[Exercise instructions]:
No pictures go in the copy; retype exactly the lines from the one with "Bursa'nın lezzetleri görücüye" through the last line of the records.

Data extracted from a collection

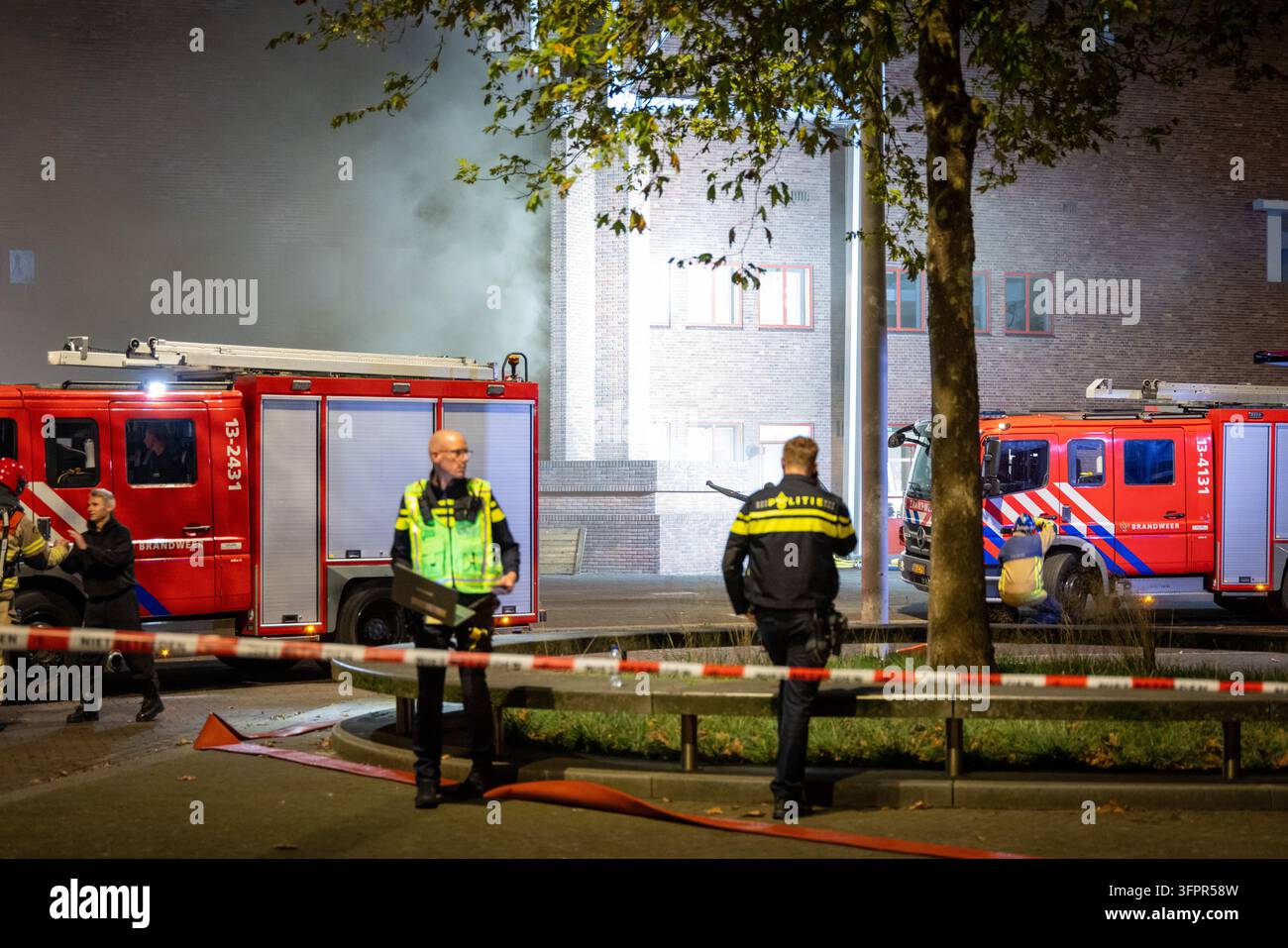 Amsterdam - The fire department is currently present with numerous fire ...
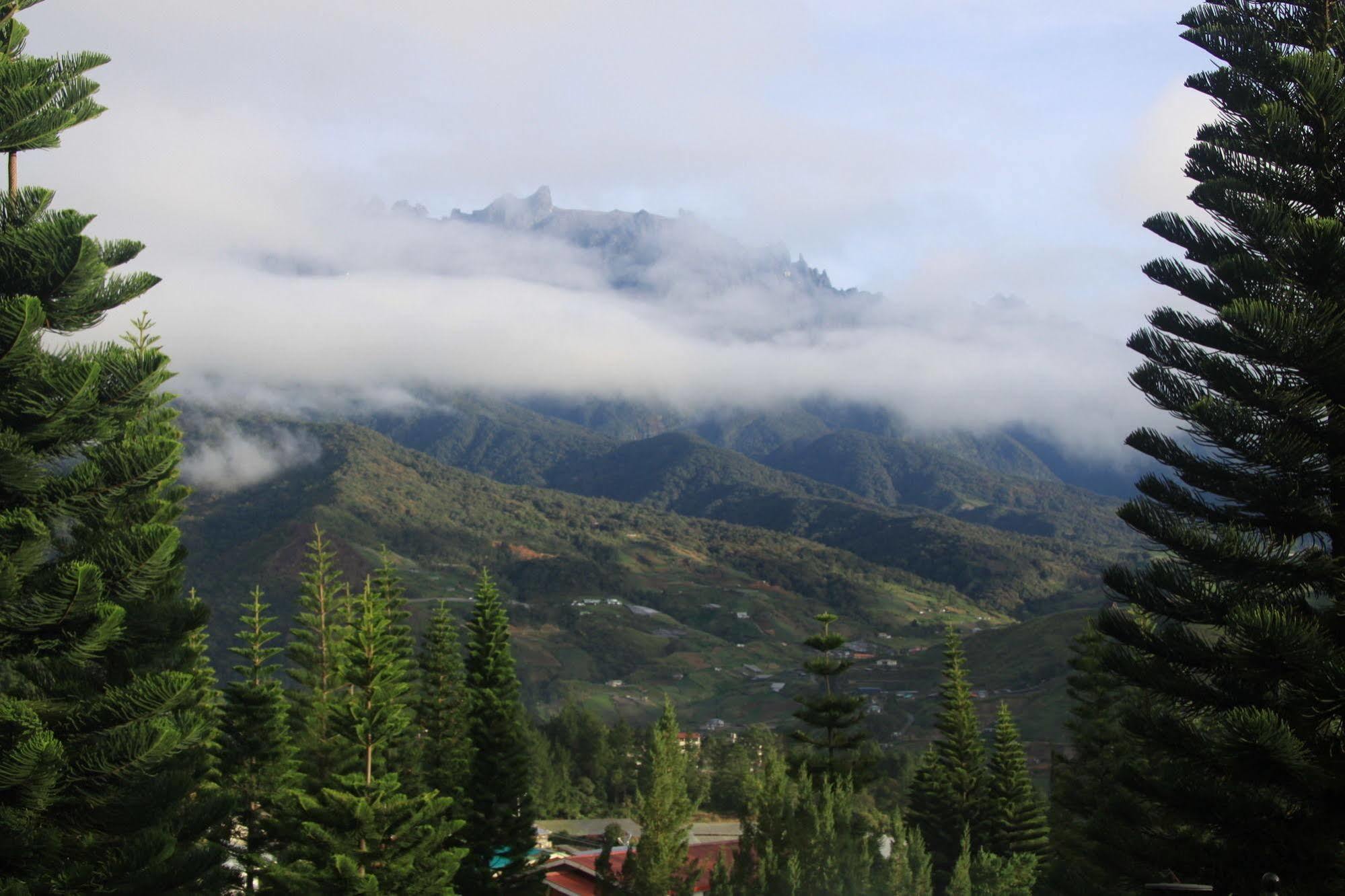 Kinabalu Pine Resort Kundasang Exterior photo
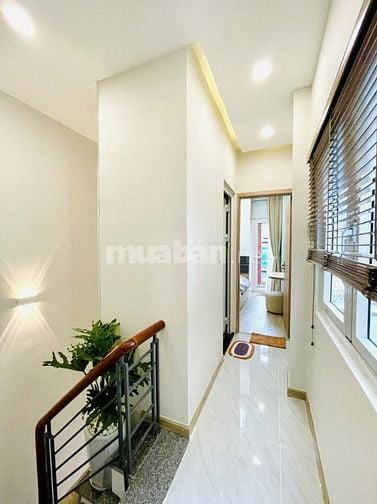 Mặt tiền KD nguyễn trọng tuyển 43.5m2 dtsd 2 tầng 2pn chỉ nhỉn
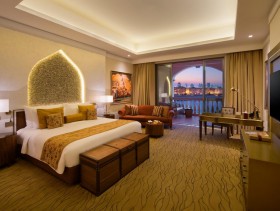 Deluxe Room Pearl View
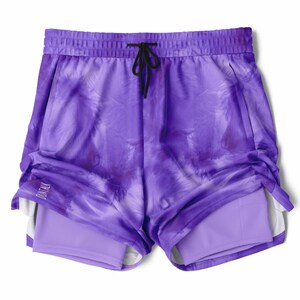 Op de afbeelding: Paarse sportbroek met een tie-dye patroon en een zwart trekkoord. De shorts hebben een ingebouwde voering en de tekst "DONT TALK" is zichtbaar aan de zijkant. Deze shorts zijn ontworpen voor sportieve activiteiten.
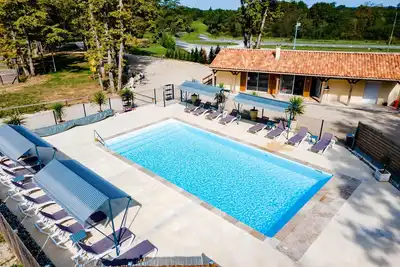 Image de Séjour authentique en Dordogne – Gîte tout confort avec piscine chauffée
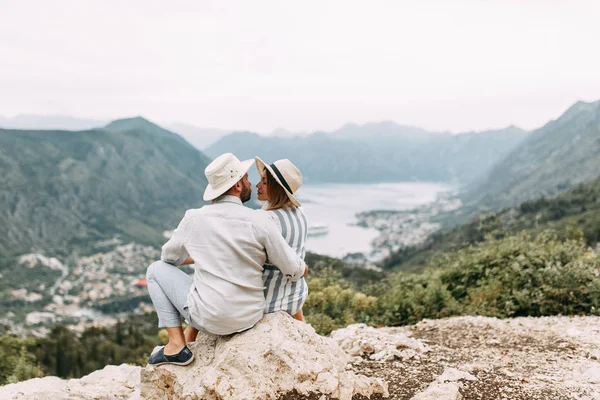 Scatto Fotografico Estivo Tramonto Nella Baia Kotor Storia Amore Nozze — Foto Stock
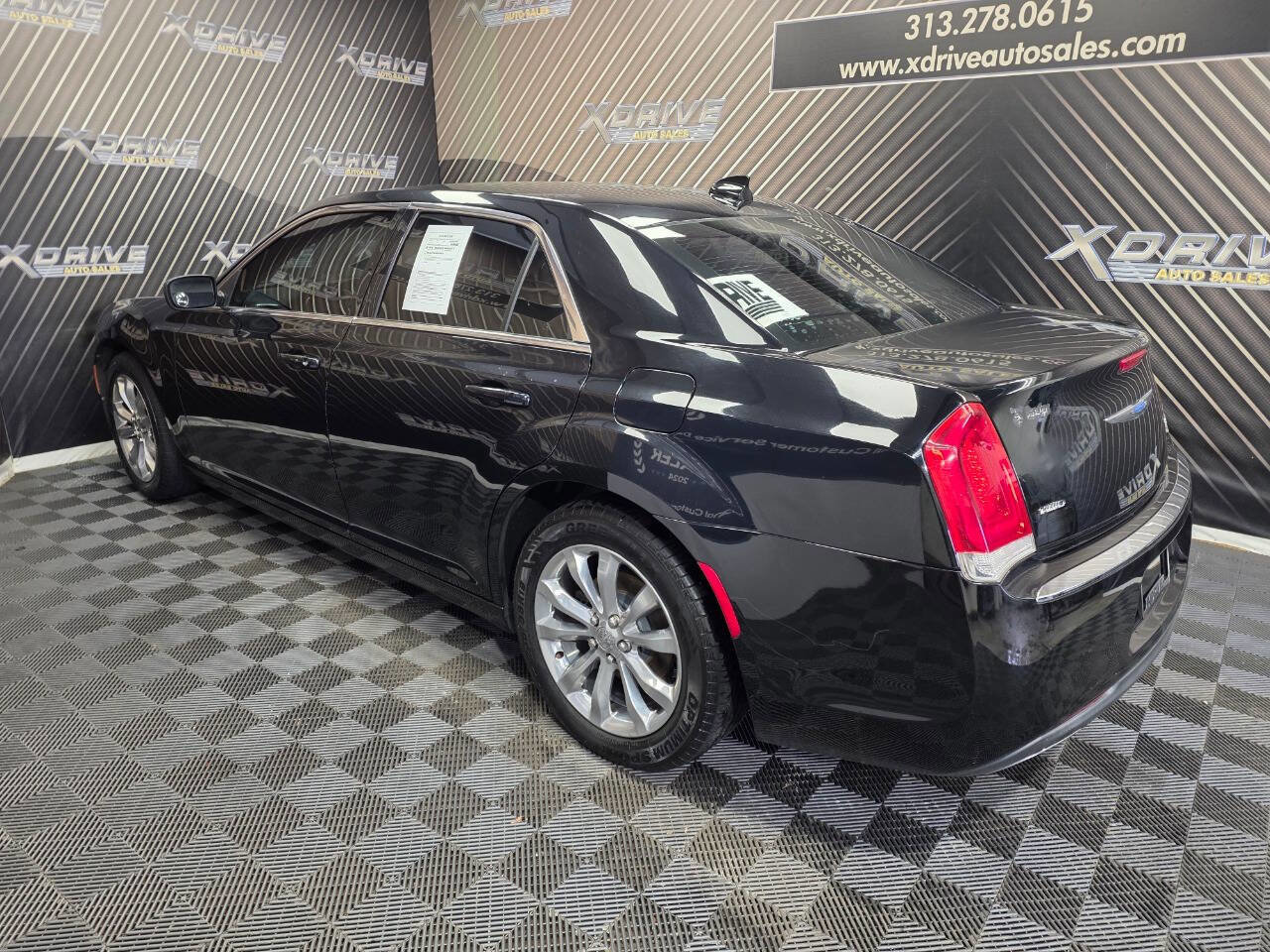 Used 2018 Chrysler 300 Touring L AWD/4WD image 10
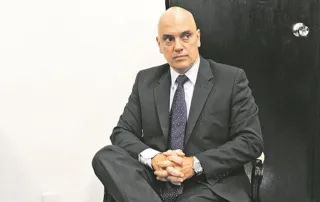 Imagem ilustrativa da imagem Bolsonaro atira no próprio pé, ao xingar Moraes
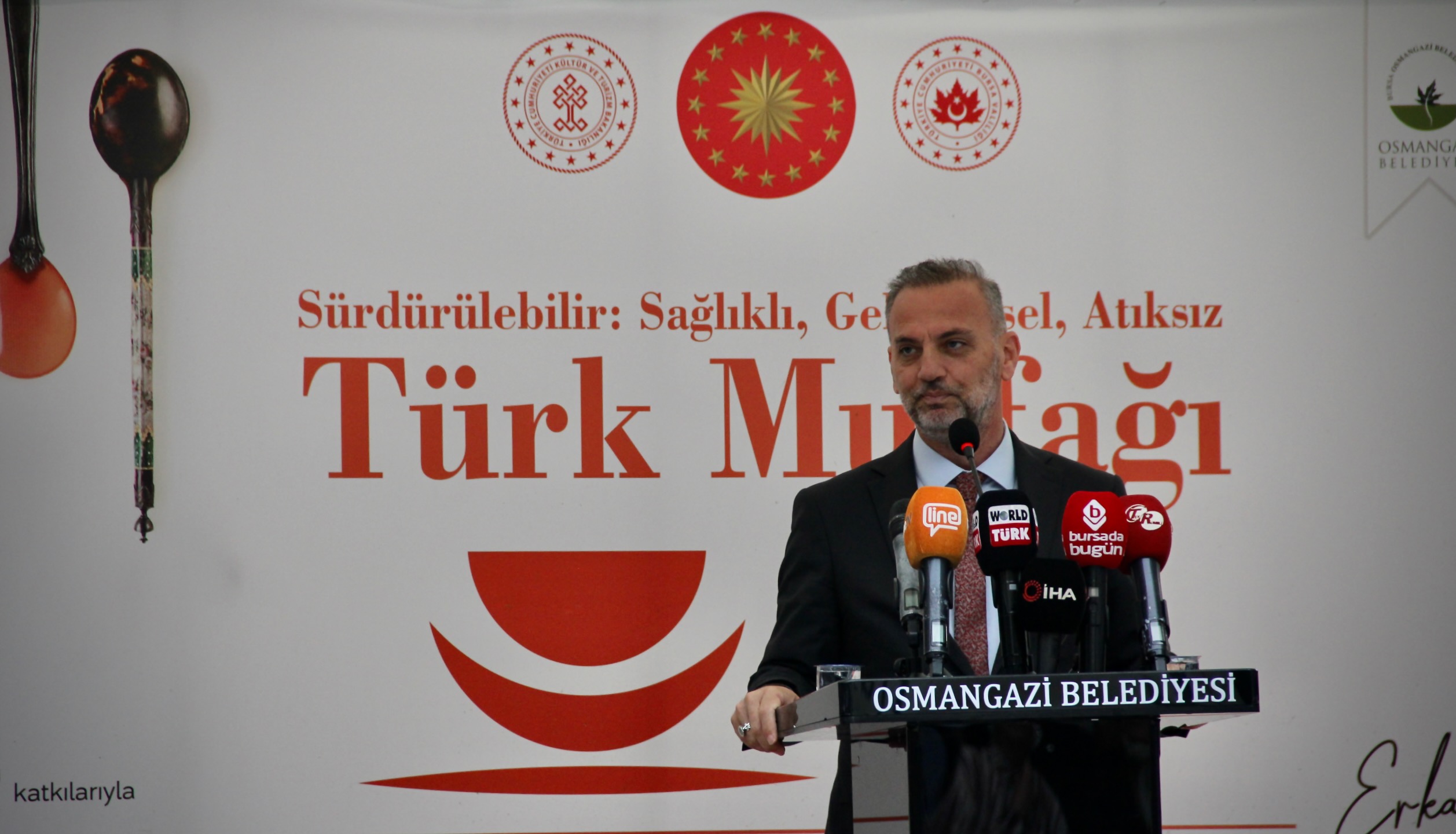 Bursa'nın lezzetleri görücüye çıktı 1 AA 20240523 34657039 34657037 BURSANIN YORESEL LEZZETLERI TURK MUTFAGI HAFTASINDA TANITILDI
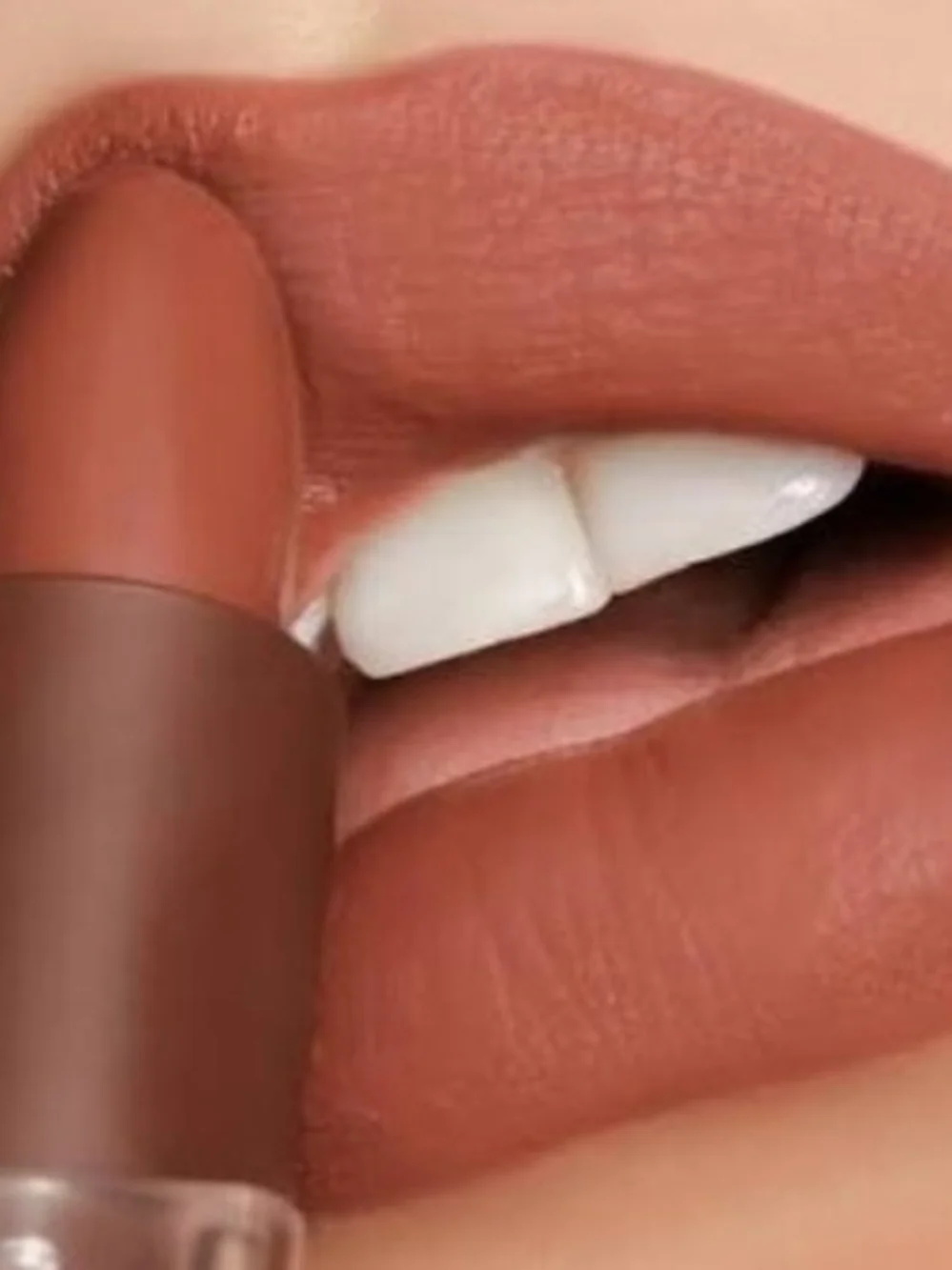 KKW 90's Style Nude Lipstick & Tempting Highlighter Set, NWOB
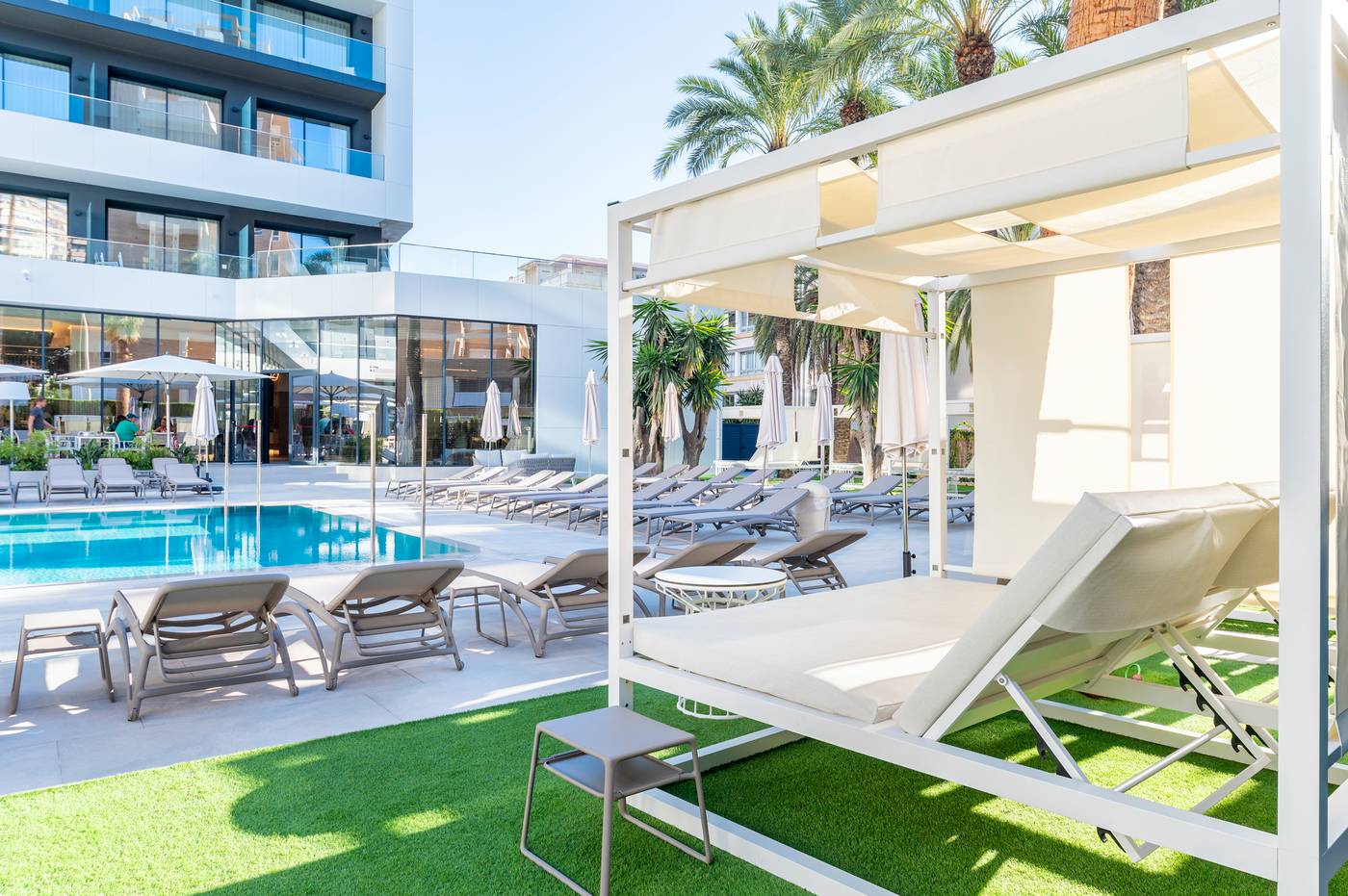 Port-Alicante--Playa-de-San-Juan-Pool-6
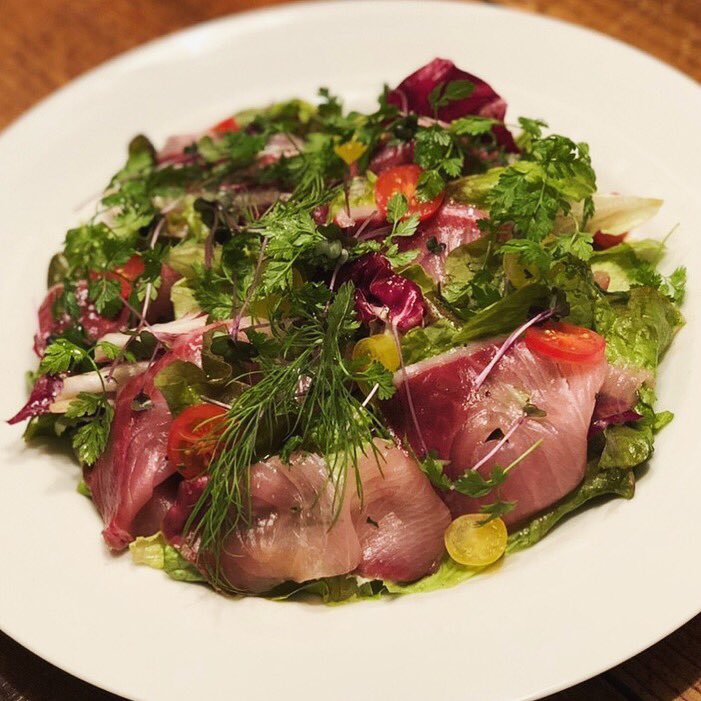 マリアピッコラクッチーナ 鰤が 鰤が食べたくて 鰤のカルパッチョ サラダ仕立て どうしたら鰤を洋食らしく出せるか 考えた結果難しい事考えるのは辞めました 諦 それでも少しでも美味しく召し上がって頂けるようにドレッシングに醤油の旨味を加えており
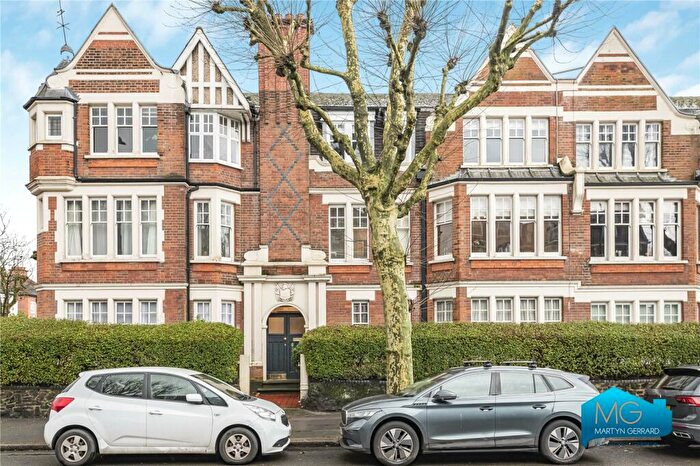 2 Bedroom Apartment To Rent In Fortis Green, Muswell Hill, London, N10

[Exercise response]:
 Bursa'nın lezzetleri görücüye çıktı 1 AA 20240523 34657039 34657037 BURSANIN YORESEL LEZZETLERI TURK MUTFAGI HAFTASINDA TANITILDI
 KKW 90's Style Nude Lipstick & Tempting Highlighter Set, NWOB
 Port-Alicante--Playa-de-San-Juan-Pool-6
 マリアピッコラクッチーナ 鰤が 鰤が食べたくて 鰤のカルパッチョ サラダ仕立て どうしたら鰤を洋食らしく出せるか 考えた結果難しい事考えるのは辞めました 諦 それでも少しでも美味しく召し上がって頂けるようにドレッシングに醤油の旨味を加えており
 2 Bedroom Apartment To Rent In Fortis Green, Muswell Hill, London, N10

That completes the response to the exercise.